Your patch will have the admin vector CPU affinity mask set to
0xff..ff. The first set bit for an online CPU is the one the IRQ handler
will run on, so the admin queue will still only run on CPU 0.

> > Are you able to measure _any_ performance difference on IO queue 1 vs IO
> > queue 2 that you can attribute to IO queue 1's sharing vector 0?
>
> Actually, I didn't get any performance improving on my own NVMe card.
> But it may be needed on some enterprise card, especially the media is persist memory.
> nvme_irq will be invoked twice when ioq0 irq fires, this will introduce another unnecessary DMA
> accessing on cq entry.

A CPU reading its own memory isn't a DMA. It's just a cheap memory read.

2018-02-28 15:45:38

by jianchao.wang

[permalink] [raw]

Subject: Re: [PATCH] nvme-pci: assign separate irq vectors for adminq and ioq0

Hi Keith

Thanks for your kindly response and directive

On 02/28/2018 11:27 PM, Keith Busch wrote:
> On Wed, Feb 28, 2018 at 10:53:31AM +0800, jianchao.wang wrote:
>> On 02/27/2018 11:13 PM, Keith Busch wrote:
>>> On Tue, Feb 27, 2018 at 04:46:17PM +0800, Jianchao Wang wrote:
>>>> Currently, adminq and ioq0 share the same irq vector. This is
>>>> unfair for both amdinq and ioq0.
>>>> - For adminq, its completion irq has to be bound on cpu0.
>>>> - For ioq0, when the irq fires for io completion, the adminq irq
>>>> action has to be checked also.
>>>
>>> This change log could use some improvements. Why is it bad if admin
>>> interrupts affinity is with cpu0?
>>
>> adminq interrupts should be able to fire everywhere.
>> do we have any reason to bound it on cpu0 ?
>
> Your patch will have the admin vector CPU affinity mask set to
> 0xff..ff. The first set bit for an online CPU is the one the IRQ handler
> will run on, so the admin queue will still only run on CPU 0.

hmmm...yes.
When I test there is only one irq vector, I get following result:
124: 0 0 253541 0 0 0 0 0 IR-PCI-MSI 1048576-edge nvme0q0, nvme0q1

>
>>> Are you able to measure _any_ performance difference on IO queue 1 vs IO
>>> queue 2 that you can attribute to IO queue 1's sharing vector 0?
>>
>> Actually, I didn't get any performance improving on my own NVMe card.
>> But it may be needed on some enterprise card, especially the media is persist memory.
>> nvme_irq will be invoked twice when ioq0 irq fires, this will introduce another unnecessary DMA
>> accessing on cq entry.
>
> A CPU reading its own memory isn't a DMA. It's just a cheap memory read.

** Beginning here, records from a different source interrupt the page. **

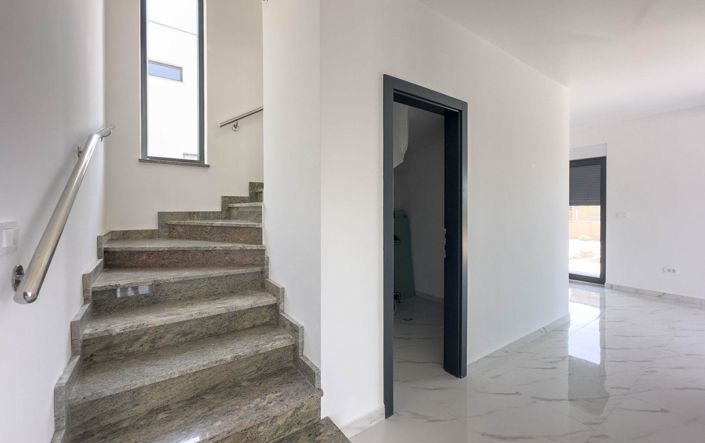 Image No.20-3 Bed Property for sale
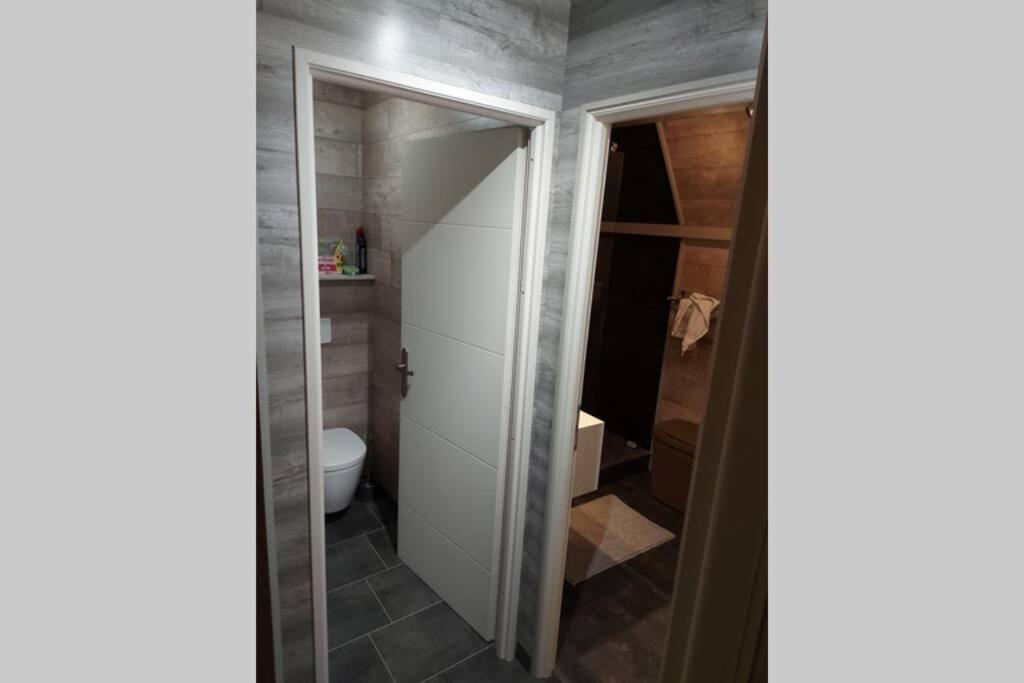 Ferienwohnung La Tranquillite Au Centre. Toulon-sur-Arroux Exterior foto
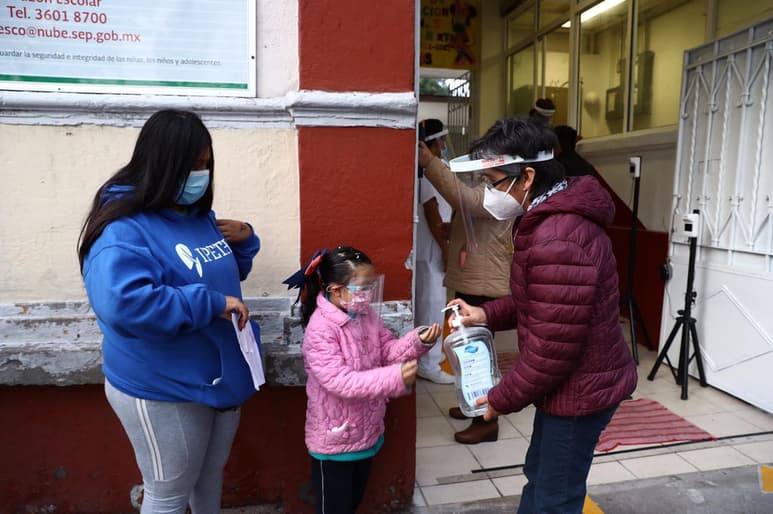 Oficialmente se desarrollará “de forma presencial, responsable y ordenada' según disposiciones de autoridades y actores del sector, indicó la Secretaría de Educación.
(EL UNIVERSAL)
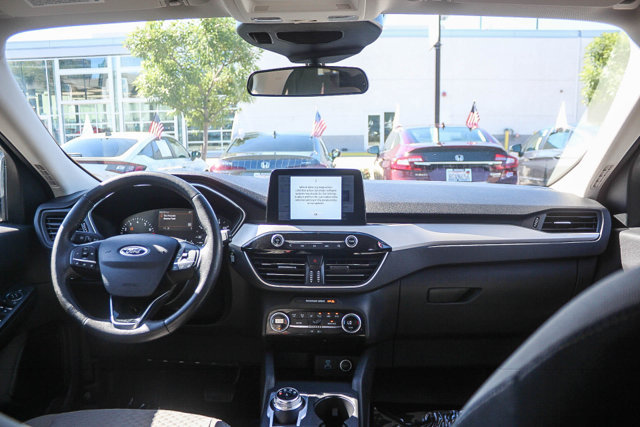 Used 2021 Ford Escape SE w/ SE Sport Appearance Package FWD image 16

Oh sorry, my bad, I mean it is operation on DMA address, it is uncached.
nvme_irq
-> nvme_process_cq
-> nvme_read_cqe
-> nvme_cqe_valid

static inline bool nvme_cqe_valid(struct nvme_queue *nvmeq, u16 head,
u16 phase)
{
return (le16_to_cpu(nvmeq->cqes[head].status) & 1) == phase;
}

Sincerely
Jianchao

2018-02-28 15:55:39

by jianchao.wang

[permalink] [raw]

Subject: Re: [PATCH] nvme-pci: assign separate irq vectors for adminq and ioq0

On 02/28/2018 11:42 PM, jianchao.wang wrote:
> Hi Keith
>
> Thanks for your kindly response and directive
>
> On 02/28/2018 11:27 PM, Keith Busch wrote:
>> On Wed, Feb 28, 2018 at 10:53:31AM +0800, jianchao.wang wrote:
>>> On 02/27/2018 11:13 PM, Keith Busch wrote:
>>>> On Tue, Feb 27, 2018 at 04:46:17PM +0800, Jianchao Wang wrote:
>>>>> Currently, adminq and ioq0 share the same irq vector. This is
>>>>> unfair for both amdinq and ioq0.
>>>>> - For adminq, its completion irq has to be bound on cpu0.
>>>>> - For ioq0, when the irq fires for io completion, the adminq irq
>>>>> action has to be checked also.
>>>>
>>>> This change log could use some improvements. Why is it bad if admin
>>>> interrupts affinity is with cpu0?
>>>
>>> adminq interrupts should be able to fire everywhere.
>>> do we have any reason to bound it on cpu0 ?
>>
>> Your patch will have the admin vector CPU affinity mask set to
>> 0xff..ff. The first set bit for an online CPU is the one the IRQ handler
>> will run on, so the admin queue will still only run on CPU 0.
>
> hmmm...yes.
> When I test there is only one irq vector, I get following result:
> 124: 0 0 253541 0 0 0 0 0 IR-PCI-MSI 1048576-edge nvme0q0, nvme0q1
>

the irqbalance may migrate the adminq irq away from cpu0.

>>
>>>> Are you able to measure _any_ performance difference on IO queue 1 vs IO
>>>> queue 2 that you can attribute to IO queue 1's sharing vector 0?
>>>
>>> Actually, I didn't get any performance improving on my own NVMe card.
>>> But it may be needed on some enterprise card, especially the media is persist memory.
>>> nvme_irq will be invoked twice when ioq0 irq fires, this will introduce another unnecessary DMA
>>> accessing on cq entry.
>>
>> A CPU reading its own memory isn't a DMA. It's just a cheap memory read.
>
> Oh sorry, my bad, I mean it is operation on DMA address, it is uncached.
> nvme_irq
> -> nvme_process_cq
> -> nvme_read_cqe
> -> nvme_cqe_valid
>
> static inline bool nvme_cqe_valid(struct nvme_queue *nvmeq, u16 head,
> u16 phase)
> {
> return (le16_to_cpu(nvmeq->cqes[head].status) & 1) == phase;
> }
>
> Sincerely
> Jianchao
>

2018-02-28 15:56:15

by Keith Busch

[permalink] [raw]

Subject: Re: [PATCH] nvme-pci: assign separate irq vectors for adminq and ioq0

On Wed, Feb 28, 2018 at 11:46:20PM +0800, jianchao.wang wrote:
>
> the irqbalance may migrate the adminq irq away from cpu0.

No, irqbalance can't touch managed IRQs. See irq_can_set_affinity_usr().